In Egitto, le persone che potrebbero essere reclutate dall’ISIS altrove – quelle istruite e raffinate – tendono a credere che l’ISIS sia stato creato dagli Stati Uniti al fine di destabilizzare la regione. E ciò dimostra quanto siano stati inutili i video-messaggi dei terroristi: agli occhi di molti egiziani, l’ISIS rappresenta l’America e non l’Islam“, si legge nel periodico The New Yorker, in un articolo pubblicato pochi mesi fa.

I kamikaze coinvolti nell’ultimo attacco avevano tuttavia anche giurato fedeltà allo Stato Islamico e questo rappresenta forse la punta dell’iceberg in termini di capacità attrattiva in Egitto del gruppo terroristico. Questo indebolisce le ipotesi secondo cui gli esecutori degli attacchi alle due chiese copte sarebbero jihadisti dell’ISIS in ritirata da Iraq e Siria.

Molto più che pedine politiche

Il motivo per cui l’ISIS piace alle popolazioni locali in Egitto è una questione estremamente complessa. I Copti rappresentano un facile bersaglio, perfette pedine politiche contro cui gli attivisti possono scagliarsi. Ma è chiaramente inutile semplificare troppo il problema e giustificare tali sviluppi soltanto come una risposta alla repressione del Governo.

Il controllo del conflitto settario, sotto i regimi autoritari, ha inasprito le tensioni e in alcuni casi è stato complice del suo rapido sviluppo. Ha inoltre compromesso la corretta applicazione della legge. Le restrizioni alle libertà come quella di espressione e di associazione hanno limitato ulteriormente la capacità dei cittadini di chiedere conto al Governo del suo operato.

Dopo gli attacchi dello scorso 9 aprile si è diffuso un sentimento di preoccupazione rispetto all’idea che il Governo di al-Sisi stia utilizzando i Copti – e la loro vulnerabilità agli attacchi – come pedine politiche nel tentativo di stringere il livello di sicurezza del Paese. Molti sono preoccupati per le azioni volte a limitare le libertà civili – anche attraverso la recente introduzione di nuove leggi speciali.

Le richieste dei cittadini affinché gli Stati autoritari rendano conto del proprio operato è un fine importante di per sé, ma l’impegno per costruire comunità inclusive richiede molto di più.

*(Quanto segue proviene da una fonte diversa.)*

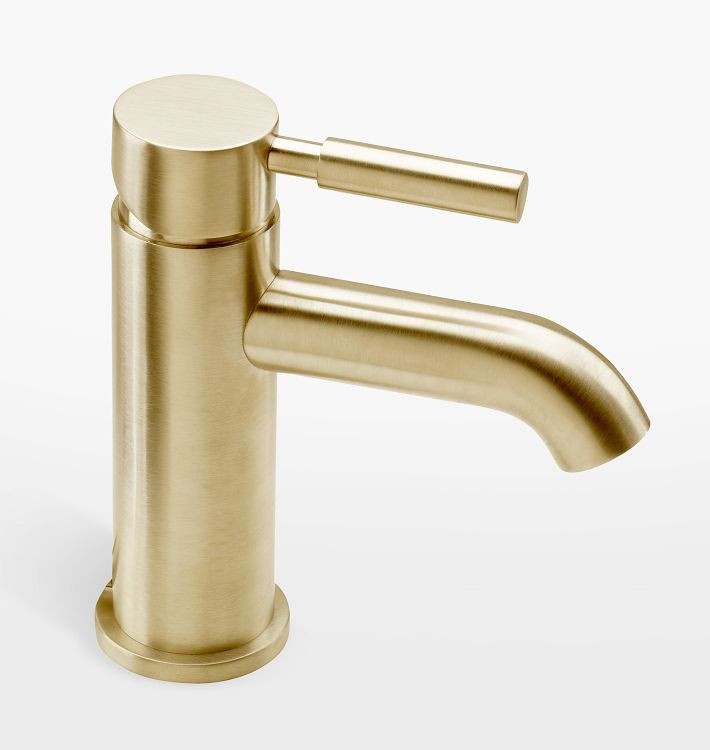 Tiburon Single Hole Bathroom Faucet | Rejuvenation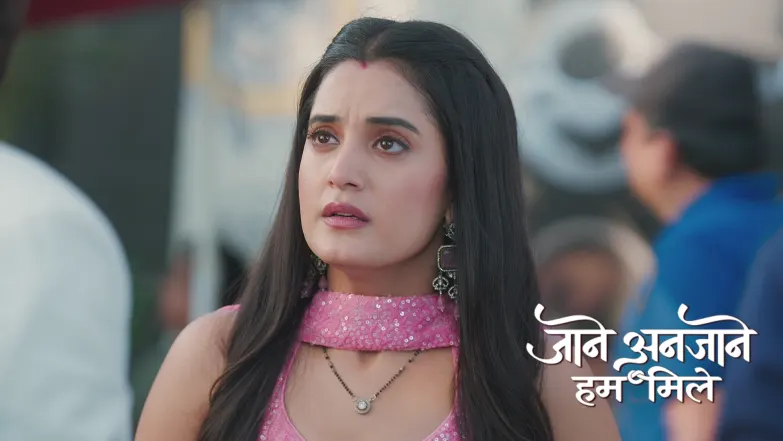 Jaane Anjaane Hum Mile - April 24, 2025 Episode 144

In conclusione, è riduttivo spiegare l’identificazione dei Copti come bersaglio in termini di risposta armata all’autoritarismo di Stato. Spiegare l’attuale crisi in questo modo significa trascurare completamente le altre motivazioni ideologiche e politiche di chi ha mosso guerra contro i Copti e così facendo si contribuisce involontariamente a una politica di negazione.